Stephen B. Diamond, David J. Philipps, and Mary E. Philips, all of Beeler, Schad & Diamond, EC., of Chicago, for appellees.

PRESIDING JUSTICE COUSINS

delivered the opinion of the court:

A consolidated complaint was filed against several entities, including the limited partnership of Southmark Realty Partners III, Ltd. (SRP III), and SRP Ill’s general partner, Southmark PS, Inc. (SPS), formerly known as Southmark Investment Group 85, Inc. (SIG 85). Therein, class representatives (plaintiffs) sought to rescind their purchases of limited partnership interests in SRP III. Upon plaintiffs’ motion, the circuit court entered summary judgment in plaintiffs’ favor on the issue of liability. Thereafter, plaintiffs filed a motion seek*792ing to set the amount of judgment against SPS1 on the claim for which they had been granted summary judgment. The circuit court granted plaintiffs’ motion, entering an order against SPS in the amount of $902,759.48. The judgment was later modified to $902,745.98 upon SPS’s motion for reconsideration. SPS appeals, contending the circuit court erred: (1) in entering judgment in plaintiffs’ favor where the evidence submitted by plaintiffs as to damages was inadmissible and insufficient; and (2) in refusing to deduct accrued interest from the judgment where two members of the class sold their interests in SEP III prior to the entry of judgment.

For the reasons that follow, we affirm.

BACKGROUND

On May 20, 1988, class representatives, on behalf of hundreds of individuals who purchased an interest in several limited partnerships during the years of 1985 and 1986, filed a class action suit for securities rescission in the circuit court of Cook County against 16 defendants who used the services of unregistered brokers in violation of the Illinois Securities Law of 1953 (the Securities Law) (Ill. Rev. Stat. 1985, ch. 121V2, par. 137.1 et seq.). The circuit court dismissed the action due to lack of standing on three separate occasions. However, on appeal of the circuit court’s denial of class action treatment, this court found that a class representative may give notice of an election to rescind on behalf of the members of the class under the Securities Law. See Hess v. I.R.E. Real Estate Income Fund, Ltd., 255 Ill. App. 3d 790, 804-05, 629 N.E.2d 520, 530 (1993).

On September 11, 1995, a consolidated class action amendment to complaints for rescission pursuant to the Securities Law was filed, as directed by this court in Hess, reasserting the class allegations from the original complaint through new class representatives. The consolidated complaint was brought against several entities2; however, the instant appeal concerns purchasers of interest in only one of the limited partnerships delineated therein, SRP III, as well as its general partner, SPS (formerly known as SIG 85).
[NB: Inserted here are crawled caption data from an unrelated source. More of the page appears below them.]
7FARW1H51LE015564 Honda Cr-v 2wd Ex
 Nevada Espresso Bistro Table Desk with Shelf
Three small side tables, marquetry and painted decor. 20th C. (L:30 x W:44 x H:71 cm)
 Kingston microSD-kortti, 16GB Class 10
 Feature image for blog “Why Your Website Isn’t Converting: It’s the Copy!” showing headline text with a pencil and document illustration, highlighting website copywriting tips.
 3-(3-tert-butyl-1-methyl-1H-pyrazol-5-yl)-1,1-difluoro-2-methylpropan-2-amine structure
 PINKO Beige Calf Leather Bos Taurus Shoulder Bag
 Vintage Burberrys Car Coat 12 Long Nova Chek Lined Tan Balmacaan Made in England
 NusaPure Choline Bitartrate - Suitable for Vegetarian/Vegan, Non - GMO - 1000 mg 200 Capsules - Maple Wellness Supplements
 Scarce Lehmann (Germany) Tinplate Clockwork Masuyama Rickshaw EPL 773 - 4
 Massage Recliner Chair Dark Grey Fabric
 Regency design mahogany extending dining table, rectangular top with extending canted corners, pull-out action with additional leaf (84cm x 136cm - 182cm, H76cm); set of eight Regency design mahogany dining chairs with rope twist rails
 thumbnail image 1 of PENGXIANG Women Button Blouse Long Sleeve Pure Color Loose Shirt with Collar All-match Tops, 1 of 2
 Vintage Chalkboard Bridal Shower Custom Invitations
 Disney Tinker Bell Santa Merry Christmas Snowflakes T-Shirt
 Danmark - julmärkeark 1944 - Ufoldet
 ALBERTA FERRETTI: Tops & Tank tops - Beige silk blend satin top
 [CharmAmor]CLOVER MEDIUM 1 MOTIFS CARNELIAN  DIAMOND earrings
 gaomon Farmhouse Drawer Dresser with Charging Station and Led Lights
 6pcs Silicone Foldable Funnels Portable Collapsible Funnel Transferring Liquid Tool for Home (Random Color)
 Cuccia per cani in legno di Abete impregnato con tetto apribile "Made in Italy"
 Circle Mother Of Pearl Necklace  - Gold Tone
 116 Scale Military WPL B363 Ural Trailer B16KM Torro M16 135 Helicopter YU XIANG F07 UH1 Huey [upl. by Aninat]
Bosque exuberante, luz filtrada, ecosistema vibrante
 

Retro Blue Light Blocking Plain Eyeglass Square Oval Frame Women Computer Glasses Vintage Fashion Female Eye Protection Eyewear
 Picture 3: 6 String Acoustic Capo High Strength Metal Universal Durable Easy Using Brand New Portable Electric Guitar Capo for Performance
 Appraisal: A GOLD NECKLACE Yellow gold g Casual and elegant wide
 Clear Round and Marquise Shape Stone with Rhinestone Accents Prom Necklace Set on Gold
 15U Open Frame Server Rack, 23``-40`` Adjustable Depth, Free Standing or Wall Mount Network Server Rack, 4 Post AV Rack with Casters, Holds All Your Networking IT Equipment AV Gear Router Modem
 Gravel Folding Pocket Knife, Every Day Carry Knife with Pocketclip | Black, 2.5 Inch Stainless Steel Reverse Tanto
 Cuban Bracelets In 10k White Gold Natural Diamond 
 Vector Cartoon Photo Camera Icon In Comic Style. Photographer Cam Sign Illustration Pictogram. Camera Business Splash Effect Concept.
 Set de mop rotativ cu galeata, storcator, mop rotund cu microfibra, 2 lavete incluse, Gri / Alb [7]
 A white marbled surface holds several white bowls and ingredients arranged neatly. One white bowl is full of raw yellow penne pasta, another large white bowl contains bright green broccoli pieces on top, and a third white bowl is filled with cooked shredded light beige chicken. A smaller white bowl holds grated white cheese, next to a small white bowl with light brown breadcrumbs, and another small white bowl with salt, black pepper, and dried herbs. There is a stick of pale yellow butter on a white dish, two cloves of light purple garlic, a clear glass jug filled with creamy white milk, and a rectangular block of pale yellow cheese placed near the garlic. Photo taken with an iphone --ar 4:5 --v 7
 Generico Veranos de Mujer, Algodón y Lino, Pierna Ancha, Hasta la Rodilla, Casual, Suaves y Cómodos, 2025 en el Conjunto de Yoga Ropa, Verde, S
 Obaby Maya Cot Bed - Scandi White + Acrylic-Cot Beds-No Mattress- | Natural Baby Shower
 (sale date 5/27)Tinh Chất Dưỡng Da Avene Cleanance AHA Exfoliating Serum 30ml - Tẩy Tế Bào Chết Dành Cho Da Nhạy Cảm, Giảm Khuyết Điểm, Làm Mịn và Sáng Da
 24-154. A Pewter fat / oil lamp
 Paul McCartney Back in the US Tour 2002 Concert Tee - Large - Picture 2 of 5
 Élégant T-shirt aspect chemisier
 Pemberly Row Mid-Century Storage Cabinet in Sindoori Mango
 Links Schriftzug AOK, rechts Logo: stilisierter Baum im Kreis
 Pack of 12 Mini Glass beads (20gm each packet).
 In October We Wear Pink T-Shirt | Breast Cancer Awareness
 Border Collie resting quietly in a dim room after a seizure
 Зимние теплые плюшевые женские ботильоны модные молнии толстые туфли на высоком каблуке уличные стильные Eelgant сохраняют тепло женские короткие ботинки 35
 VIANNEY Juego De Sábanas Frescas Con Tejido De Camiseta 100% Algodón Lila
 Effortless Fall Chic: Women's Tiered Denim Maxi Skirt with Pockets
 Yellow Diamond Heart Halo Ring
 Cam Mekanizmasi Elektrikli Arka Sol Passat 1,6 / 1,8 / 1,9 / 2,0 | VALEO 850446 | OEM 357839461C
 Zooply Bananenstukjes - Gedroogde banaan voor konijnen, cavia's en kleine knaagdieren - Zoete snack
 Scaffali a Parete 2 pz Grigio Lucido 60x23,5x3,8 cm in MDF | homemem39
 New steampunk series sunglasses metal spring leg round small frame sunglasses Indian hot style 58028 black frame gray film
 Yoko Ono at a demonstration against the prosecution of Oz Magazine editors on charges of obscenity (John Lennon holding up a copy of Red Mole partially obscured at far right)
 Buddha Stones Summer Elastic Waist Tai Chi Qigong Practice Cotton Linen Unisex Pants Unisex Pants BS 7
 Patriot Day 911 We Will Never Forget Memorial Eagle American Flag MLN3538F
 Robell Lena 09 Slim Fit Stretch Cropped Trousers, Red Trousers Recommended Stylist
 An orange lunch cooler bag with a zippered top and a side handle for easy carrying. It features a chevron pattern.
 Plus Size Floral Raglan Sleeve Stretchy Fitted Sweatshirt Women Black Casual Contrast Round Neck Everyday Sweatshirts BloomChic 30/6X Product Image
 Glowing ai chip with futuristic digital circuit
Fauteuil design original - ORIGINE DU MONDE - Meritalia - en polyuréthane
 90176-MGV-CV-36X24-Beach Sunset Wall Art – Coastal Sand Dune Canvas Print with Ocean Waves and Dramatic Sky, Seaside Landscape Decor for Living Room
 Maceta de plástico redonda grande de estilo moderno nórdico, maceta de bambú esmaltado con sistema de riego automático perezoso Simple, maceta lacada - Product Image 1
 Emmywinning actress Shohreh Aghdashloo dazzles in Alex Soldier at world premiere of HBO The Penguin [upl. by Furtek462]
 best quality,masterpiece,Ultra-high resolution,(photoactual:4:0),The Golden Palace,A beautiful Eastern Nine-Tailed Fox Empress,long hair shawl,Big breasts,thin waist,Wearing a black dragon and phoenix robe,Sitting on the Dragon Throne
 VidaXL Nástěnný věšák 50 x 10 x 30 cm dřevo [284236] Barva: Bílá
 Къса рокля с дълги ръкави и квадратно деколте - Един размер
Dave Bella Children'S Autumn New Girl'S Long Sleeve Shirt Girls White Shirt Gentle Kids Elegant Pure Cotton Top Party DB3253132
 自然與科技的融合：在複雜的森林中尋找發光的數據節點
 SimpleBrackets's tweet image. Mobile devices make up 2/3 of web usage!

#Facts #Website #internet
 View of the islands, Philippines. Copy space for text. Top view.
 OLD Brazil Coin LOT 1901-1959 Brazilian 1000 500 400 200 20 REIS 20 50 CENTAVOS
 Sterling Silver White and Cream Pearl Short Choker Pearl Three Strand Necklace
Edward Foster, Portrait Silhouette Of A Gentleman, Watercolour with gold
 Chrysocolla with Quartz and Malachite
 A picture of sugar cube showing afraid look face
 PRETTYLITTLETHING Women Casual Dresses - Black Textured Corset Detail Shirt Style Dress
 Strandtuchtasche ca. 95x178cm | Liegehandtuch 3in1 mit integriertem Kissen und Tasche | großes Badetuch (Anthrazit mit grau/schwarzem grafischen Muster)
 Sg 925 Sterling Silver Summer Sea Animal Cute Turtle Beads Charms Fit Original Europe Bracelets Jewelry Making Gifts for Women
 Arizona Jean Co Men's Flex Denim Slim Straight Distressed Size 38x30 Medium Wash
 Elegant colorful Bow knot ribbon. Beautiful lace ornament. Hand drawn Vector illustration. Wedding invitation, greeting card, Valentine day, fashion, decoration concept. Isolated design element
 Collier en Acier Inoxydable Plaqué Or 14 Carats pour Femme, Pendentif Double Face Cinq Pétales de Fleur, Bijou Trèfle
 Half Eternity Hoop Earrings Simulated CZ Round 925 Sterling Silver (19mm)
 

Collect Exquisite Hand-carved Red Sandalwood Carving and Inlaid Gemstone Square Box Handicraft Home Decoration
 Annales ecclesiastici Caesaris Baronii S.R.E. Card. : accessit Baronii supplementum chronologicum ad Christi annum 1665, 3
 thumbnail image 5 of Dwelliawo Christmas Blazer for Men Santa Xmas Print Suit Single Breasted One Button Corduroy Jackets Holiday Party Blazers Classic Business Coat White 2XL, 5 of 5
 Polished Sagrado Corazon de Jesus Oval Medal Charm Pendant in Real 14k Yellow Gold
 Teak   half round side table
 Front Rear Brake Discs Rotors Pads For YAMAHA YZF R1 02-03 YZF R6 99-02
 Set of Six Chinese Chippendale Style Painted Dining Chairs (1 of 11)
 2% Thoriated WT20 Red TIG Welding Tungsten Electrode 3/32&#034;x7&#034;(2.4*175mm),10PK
*793Following the filing of its amendment to complaints for rescission, the class moved for summary judgment against SPS on both liability and damages. On April 25, 1996, the lower court granted summary judgment as to liability in favor of the class. The court, however, denied plaintiffs’ motion on the issue of damages.

On January 20, 1998, plaintiffs filed a motion seeking to have judgment entered on the rescission claim for which they had been granted summary judgment in 1996, relying solely on the affidavit of one of the class counsel’s paralegals, Jeanne Krejci. Based on Krejci’s calculations from computer records and distribution data supplied to the class by defendants through their prior counsel, Arnstein & Lehr, plaintiffs contended that SPS’ liability under section 13 of the Securities Law totaled $891,672.25, with interest thereon at $114.30 per diem. See 815 ILCS 5/13 (West 1996).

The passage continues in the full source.